**Task instructions**
Go to the line in the entries below that holds "vidaXL Voetbaldoel met" and repeat exactly from there through the line that holds "Mac Duggal Women's", inclusive.

== Exercise material

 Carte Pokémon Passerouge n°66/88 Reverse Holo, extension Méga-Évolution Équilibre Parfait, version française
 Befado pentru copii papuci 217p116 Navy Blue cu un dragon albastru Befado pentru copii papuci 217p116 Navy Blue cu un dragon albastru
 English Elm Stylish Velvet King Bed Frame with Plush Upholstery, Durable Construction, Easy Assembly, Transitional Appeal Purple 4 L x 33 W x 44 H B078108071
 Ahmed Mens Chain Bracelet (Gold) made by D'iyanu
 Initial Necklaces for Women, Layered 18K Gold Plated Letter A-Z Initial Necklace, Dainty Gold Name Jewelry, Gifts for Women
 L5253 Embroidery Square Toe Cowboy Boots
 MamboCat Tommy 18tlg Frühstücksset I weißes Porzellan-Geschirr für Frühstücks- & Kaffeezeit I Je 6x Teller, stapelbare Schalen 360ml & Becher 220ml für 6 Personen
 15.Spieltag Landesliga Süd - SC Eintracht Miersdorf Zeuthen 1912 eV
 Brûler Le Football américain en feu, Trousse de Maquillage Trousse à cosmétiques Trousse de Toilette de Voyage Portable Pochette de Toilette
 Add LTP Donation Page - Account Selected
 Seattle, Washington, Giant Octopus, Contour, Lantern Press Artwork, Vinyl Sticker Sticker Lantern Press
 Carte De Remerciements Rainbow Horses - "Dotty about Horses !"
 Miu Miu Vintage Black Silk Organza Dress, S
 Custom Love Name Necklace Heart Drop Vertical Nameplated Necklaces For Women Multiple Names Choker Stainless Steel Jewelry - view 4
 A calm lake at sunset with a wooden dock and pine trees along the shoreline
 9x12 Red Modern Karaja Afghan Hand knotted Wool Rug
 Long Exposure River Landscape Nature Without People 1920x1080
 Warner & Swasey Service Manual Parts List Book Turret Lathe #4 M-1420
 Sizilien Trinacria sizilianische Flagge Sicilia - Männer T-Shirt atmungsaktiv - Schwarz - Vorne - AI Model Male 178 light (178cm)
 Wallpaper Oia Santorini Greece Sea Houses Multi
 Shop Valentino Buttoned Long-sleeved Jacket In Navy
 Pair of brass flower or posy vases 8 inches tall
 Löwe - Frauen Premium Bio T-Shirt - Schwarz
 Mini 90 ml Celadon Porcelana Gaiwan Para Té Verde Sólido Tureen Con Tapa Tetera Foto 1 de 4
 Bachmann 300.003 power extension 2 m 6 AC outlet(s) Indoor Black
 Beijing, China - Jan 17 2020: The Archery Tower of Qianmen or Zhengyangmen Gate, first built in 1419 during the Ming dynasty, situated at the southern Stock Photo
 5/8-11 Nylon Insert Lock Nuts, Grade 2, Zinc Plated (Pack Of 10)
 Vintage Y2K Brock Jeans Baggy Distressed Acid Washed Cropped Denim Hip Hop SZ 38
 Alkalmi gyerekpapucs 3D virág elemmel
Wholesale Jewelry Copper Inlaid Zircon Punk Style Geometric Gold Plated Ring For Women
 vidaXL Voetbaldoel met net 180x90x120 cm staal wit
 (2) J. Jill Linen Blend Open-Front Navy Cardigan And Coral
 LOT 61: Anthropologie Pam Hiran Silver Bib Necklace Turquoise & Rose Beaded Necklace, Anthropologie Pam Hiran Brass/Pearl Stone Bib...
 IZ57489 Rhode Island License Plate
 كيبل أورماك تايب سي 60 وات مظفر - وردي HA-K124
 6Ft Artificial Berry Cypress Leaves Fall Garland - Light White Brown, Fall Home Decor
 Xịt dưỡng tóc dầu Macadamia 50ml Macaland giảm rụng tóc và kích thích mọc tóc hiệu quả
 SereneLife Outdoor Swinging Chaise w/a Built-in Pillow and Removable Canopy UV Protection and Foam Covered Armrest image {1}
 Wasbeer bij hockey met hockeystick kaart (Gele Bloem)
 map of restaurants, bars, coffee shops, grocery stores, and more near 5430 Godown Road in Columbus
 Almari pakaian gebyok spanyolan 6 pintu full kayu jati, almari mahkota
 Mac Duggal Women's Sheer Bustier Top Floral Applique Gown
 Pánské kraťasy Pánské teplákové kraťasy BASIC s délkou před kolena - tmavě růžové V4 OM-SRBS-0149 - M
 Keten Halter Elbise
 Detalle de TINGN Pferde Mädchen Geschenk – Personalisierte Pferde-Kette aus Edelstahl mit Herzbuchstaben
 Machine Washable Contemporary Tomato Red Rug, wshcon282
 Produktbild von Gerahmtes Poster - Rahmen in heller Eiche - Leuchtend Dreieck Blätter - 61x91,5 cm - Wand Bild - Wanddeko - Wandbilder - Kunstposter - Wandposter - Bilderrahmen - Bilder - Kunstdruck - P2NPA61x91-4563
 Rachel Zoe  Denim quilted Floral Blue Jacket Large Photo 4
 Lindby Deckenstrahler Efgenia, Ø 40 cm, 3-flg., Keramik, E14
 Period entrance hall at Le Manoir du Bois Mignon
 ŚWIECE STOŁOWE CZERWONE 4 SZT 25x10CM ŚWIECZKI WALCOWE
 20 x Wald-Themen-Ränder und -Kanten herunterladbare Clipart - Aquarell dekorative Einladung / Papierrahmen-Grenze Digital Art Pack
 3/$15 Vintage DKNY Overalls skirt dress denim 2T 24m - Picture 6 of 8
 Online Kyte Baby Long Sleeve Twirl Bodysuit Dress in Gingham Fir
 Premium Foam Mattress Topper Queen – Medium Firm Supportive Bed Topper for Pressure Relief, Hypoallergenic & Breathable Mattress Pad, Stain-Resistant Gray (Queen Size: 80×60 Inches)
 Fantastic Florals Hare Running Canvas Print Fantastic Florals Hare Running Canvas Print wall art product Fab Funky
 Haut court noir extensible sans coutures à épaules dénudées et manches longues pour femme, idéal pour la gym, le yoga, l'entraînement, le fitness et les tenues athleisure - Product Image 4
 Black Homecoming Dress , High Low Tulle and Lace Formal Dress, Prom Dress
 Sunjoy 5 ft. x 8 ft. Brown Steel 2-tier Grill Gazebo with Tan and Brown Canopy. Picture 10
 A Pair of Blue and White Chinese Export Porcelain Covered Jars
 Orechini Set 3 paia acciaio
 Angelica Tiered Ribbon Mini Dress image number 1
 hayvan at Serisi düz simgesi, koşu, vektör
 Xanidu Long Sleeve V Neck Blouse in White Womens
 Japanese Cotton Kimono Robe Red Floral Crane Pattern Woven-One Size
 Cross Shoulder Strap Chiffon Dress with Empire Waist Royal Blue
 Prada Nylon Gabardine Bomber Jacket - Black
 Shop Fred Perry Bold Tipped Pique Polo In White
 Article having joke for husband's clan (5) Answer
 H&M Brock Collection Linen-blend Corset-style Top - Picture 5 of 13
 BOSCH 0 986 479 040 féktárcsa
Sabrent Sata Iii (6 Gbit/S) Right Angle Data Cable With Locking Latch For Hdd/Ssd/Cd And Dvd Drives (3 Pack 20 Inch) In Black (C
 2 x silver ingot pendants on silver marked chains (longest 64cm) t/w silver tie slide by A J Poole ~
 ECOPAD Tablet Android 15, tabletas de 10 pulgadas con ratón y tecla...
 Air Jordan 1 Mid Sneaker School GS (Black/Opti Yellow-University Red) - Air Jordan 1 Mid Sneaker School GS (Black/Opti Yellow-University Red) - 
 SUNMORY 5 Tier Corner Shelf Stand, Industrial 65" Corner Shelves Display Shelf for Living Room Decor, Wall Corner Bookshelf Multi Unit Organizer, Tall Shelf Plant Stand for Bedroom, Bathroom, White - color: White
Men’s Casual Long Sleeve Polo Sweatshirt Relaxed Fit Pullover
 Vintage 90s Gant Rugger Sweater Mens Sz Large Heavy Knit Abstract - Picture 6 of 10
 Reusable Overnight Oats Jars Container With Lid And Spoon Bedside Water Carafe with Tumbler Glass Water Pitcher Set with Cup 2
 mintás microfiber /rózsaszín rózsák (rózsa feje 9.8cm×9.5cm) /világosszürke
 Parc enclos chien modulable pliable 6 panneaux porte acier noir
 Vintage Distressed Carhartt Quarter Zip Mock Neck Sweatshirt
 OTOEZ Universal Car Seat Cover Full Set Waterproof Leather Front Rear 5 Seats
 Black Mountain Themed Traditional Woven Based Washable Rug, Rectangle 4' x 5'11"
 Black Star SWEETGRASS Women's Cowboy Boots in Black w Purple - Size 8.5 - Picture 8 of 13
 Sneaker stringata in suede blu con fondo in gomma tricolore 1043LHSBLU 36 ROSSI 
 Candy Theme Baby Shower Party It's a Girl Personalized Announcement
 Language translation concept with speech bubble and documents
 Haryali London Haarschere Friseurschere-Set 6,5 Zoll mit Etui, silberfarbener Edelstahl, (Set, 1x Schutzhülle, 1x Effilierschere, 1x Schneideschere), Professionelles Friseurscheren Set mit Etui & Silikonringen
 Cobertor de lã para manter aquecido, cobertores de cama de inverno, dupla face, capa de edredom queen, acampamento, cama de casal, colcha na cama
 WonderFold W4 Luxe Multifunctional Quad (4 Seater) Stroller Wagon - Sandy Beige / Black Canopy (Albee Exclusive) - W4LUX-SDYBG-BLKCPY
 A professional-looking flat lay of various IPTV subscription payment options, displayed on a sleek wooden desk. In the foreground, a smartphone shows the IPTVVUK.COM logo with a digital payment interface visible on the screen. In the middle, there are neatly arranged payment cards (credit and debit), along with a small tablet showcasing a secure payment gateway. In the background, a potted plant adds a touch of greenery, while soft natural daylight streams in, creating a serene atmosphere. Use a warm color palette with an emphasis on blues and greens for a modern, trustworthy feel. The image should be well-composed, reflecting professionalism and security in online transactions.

====

**Result of this task**
 vidaXL Voetbaldoel met net 180x90x120 cm staal wit
 (2) J. Jill Linen Blend Open-Front Navy Cardigan And Coral
 LOT 61: Anthropologie Pam Hiran Silver Bib Necklace Turquoise & Rose Beaded Necklace, Anthropologie Pam Hiran Brass/Pearl Stone Bib...
 IZ57489 Rhode Island License Plate
 كيبل أورماك تايب سي 60 وات مظفر - وردي HA-K124
 6Ft Artificial Berry Cypress Leaves Fall Garland - Light White Brown, Fall Home Decor
 Xịt dưỡng tóc dầu Macadamia 50ml Macaland giảm rụng tóc và kích thích mọc tóc hiệu quả
 SereneLife Outdoor Swinging Chaise w/a Built-in Pillow and Removable Canopy UV Protection and Foam Covered Armrest image {1}
 Wasbeer bij hockey met hockeystick kaart (Gele Bloem)
 map of restaurants, bars, coffee shops, grocery stores, and more near 5430 Godown Road in Columbus
 Almari pakaian gebyok spanyolan 6 pintu full kayu jati, almari mahkota
 Mac Duggal Women's Sheer Bustier Top Floral Applique Gown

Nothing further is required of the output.